この「学校防災研修会」は、鹿児島市内の小・中・高等学校をはじめとする教育機関の防災担当者等を対象として実施されたもので、今年度で2回目の開催となり、約140名の参加がありました。
岩船特任教授は講演のなかで、東日本大震災の津波による被害とその後の被災住民の生活について、写真や動画・図表等を用いて説明したうえで、大規模な災害が起こった場合に「学校」がまず「避難所」となる可能性が高く、「学校」ではいつでも速やかに避難所を開設できる準備をしておくべきことが重要と話しました。具体的には、日頃から地域住民と協力して運営できる「避難所マニュアル」の作成や、鹿児島県や鹿児島市とともに非常時の食糧や資材などの備蓄を進める必要性が強調されました。

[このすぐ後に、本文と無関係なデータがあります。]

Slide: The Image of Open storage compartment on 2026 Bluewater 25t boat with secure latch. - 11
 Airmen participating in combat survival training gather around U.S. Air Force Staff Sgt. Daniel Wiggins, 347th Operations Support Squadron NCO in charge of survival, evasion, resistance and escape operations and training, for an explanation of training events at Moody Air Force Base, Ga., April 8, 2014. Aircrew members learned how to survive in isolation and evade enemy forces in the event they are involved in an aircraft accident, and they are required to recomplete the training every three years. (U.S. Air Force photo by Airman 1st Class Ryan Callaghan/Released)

また、桜島大噴火に対しては、噴火時の風向きにより居住地によって避難者かその受入者のどちらにもなり得る可能性があり、学区や市町村、そして県域を越えた広範囲での「避難者受け入れ」の地域連携が必要であり、さらに、現在「災害」というと「発災」時に目が向けられがちであるが、その後の長期にわたる復旧・復興期まで考慮した「防災・減災」の仕組みを構築するべきことについても提起されました。
講演終了後には質疑応答も行われました。「一つの学校だけの問題ではない」との声も聞かれ、参加者は自身の所属する教育機関の裁量を超えた「桜島大噴火」への“備え”の必要性を強く認識した様子でした。